The thermodynamics of chemical reactions deals with extensive (vs
intensive) and indeterminate complexity and randomness. Like economic
and social phenomena, every reaction that can possibly happen has some
probability that it will, in both directions, and they are influenced
by surrounding conditions on both micro and macro scales.

http://en.wikipedia.org/wiki/Activation_energy
"First, it is often unclear as to whether or not reaction does proceed
in one step; threshold barriers that are averaged out over all
elementary steps have little theoretical value.

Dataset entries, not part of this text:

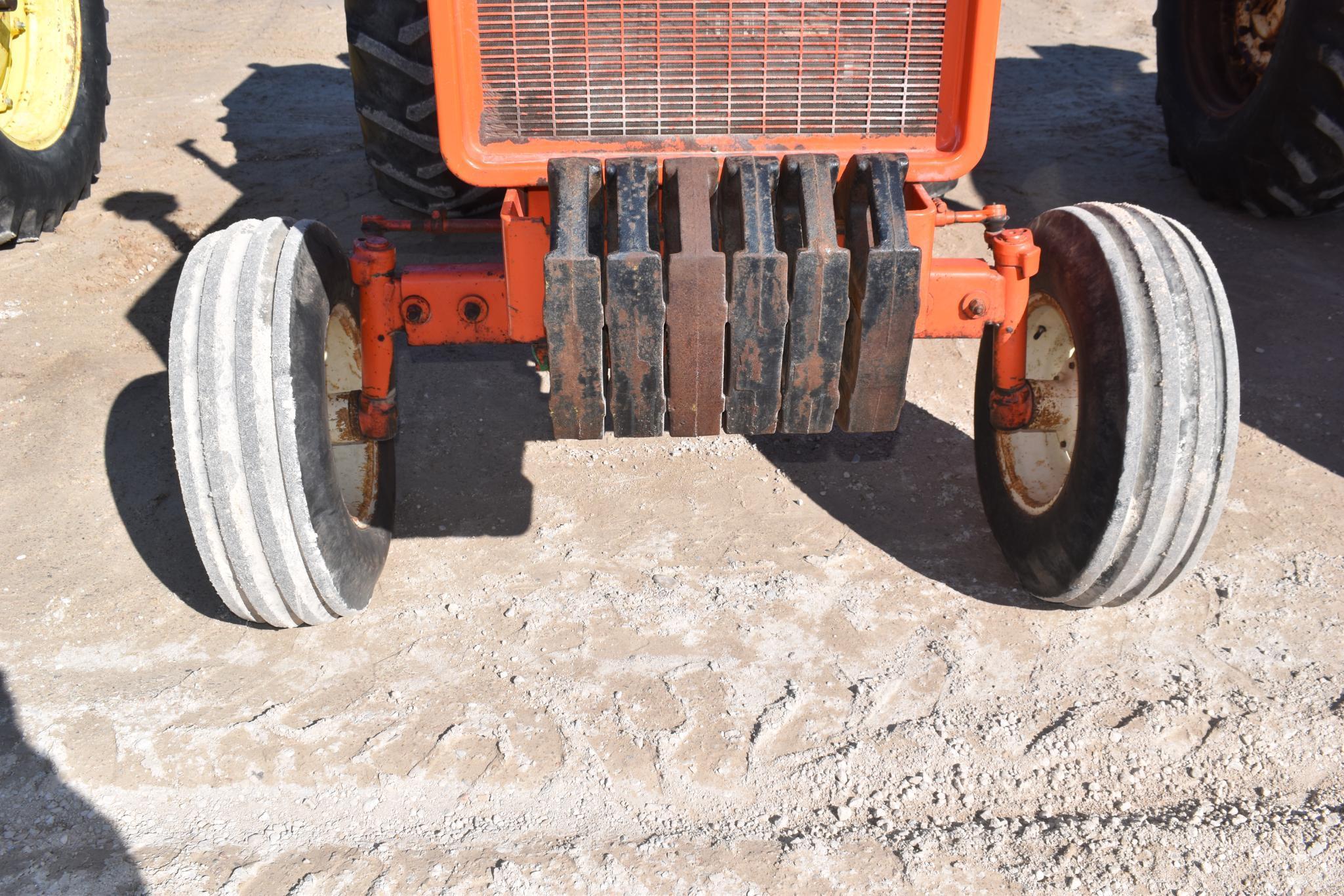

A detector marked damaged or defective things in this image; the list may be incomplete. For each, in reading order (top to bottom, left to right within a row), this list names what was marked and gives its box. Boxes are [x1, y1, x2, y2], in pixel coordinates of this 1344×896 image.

rusty metal [359, 213, 501, 236]
rusty metal [546, 162, 609, 446]
rusty metal [603, 157, 666, 438]
rusty metal [661, 161, 724, 441]
rusty metal [724, 157, 787, 438]
rusty metal [777, 154, 850, 436]
rusty metal [840, 154, 924, 436]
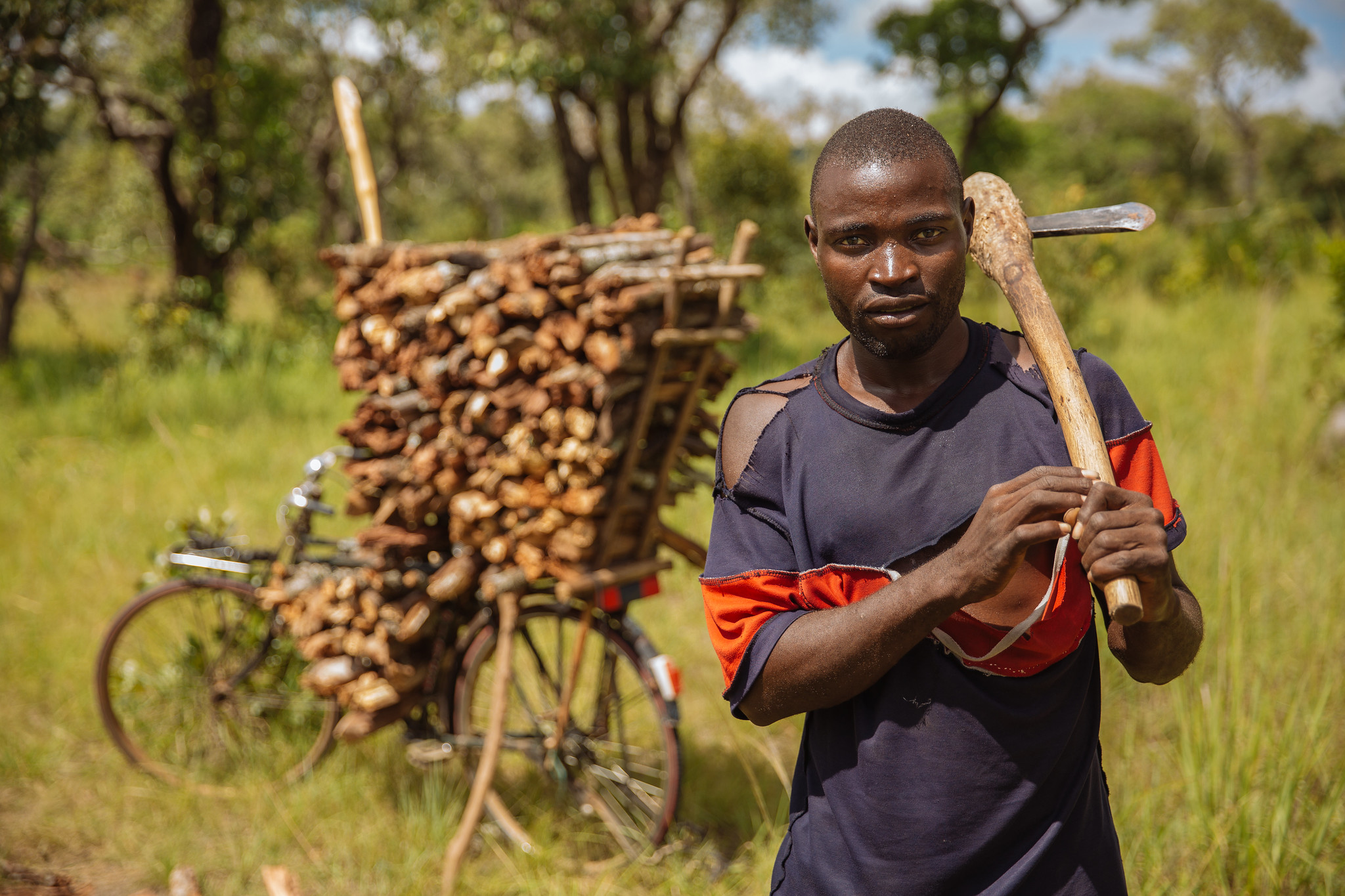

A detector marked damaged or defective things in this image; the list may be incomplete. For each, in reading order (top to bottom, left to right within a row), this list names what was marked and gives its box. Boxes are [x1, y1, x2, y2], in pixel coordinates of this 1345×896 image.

rusted metal hoe blade [1030, 202, 1156, 239]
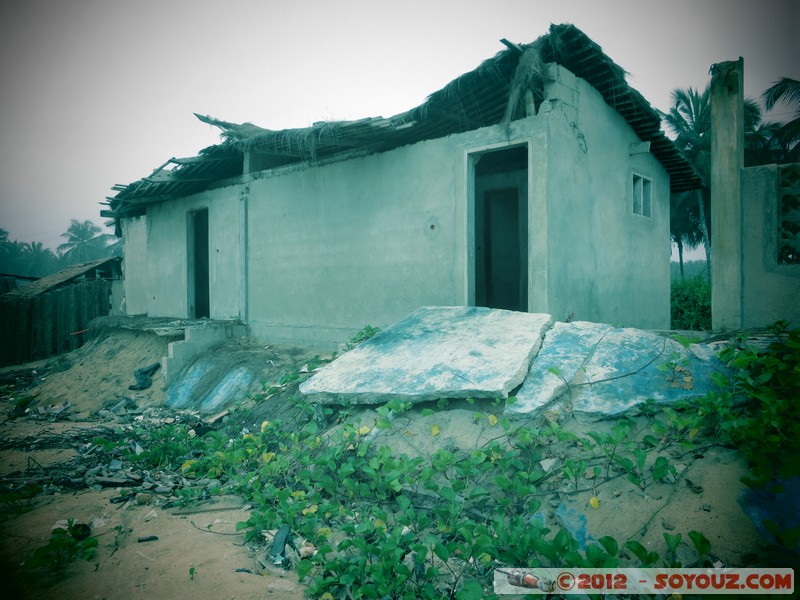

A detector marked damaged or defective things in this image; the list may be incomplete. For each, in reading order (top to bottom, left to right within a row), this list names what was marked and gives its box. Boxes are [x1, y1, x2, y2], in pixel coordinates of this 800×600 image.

damaged concrete house [101, 24, 700, 346]
broken concrete slab [296, 310, 552, 404]
broken concrete slab [510, 318, 728, 418]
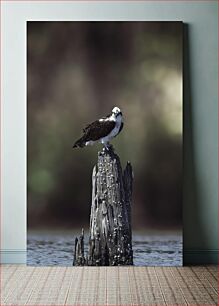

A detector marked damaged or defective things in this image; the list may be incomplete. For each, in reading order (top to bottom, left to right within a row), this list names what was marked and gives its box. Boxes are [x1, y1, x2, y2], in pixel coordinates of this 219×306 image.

splintered wood top [0, 264, 218, 304]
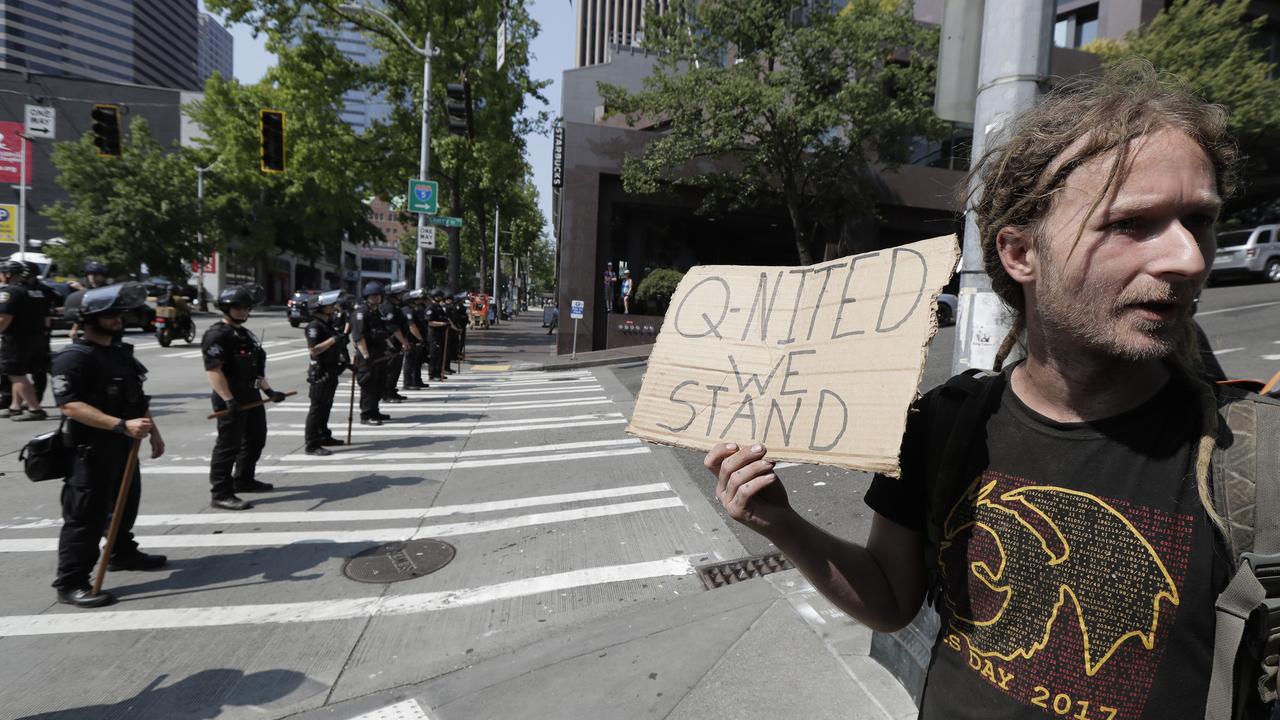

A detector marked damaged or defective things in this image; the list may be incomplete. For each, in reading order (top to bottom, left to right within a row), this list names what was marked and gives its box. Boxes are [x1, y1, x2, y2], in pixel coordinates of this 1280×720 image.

torn cardboard edge [624, 233, 957, 474]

Second, even if the
reaction being studied is elementary, a spectrum of individual
collisions contributes to rate constants obtained from bulk ('bulb')
experiments involving billions of molecules, with many different
reactant collision geometries and angles, different translational and
(possibly) vibrational energies-all of which may lead to different
microscopic reaction rates."

It's not a subject that can be explained simply, without math which
quantifies the benefits both parties to a transaction receive, their
risk tolerance (activation energy, temperature) and their occasional
irrationally random behavior, or Entropy.